The Government had already "turned up the economy" and the increasing economic growth, rising investment and falling inflation and unemployment was acknowledged by independent commentators.

It was therefore fairer to say that "Fianna Fáil have kept their promises of stabilising the situation, turning it around and two years into it we are now growing again at pace . . . But if you keep saying that promises that I said I'd deliver in five years haven't been fully done, it is not a fair reflection of what we had in our manifesto or what I said."

Referring to journalists he said this point was not getting through to the public because "every time I say it I can't get you to write it, but I keep trying. That's why I keep on saying it. Unfortunately, unlike every other major party in Europe we don't have a paper that puppets what we say, so I just have to use press conferences such as this and the Dáil to try to prove that I'm right.

"If I'm wrong give me the figures and quote the authoritative source.
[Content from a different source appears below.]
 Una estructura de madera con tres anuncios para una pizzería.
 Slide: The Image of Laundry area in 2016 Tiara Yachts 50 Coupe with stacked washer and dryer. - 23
All I am doing is to explain the position as it is, and all the economic indicators say that this is the most successful Government in Europe across all indicators, but you and members of the media would say that I'm breaking promises . . . The only thing I have to fight is an unfair position where people say that I broke promises. I'm saying that I haven't."

He said Ireland had small representation in the European Parliament, and therefore needed "people who are positive, who are intelligent . . . not people who go around whingeing, moaning and decrying everything." He said Europe was growing into a larger and more influential bloc that would affect the economy, the environment and social policy in Europe, and Ireland had to be at the heart of it.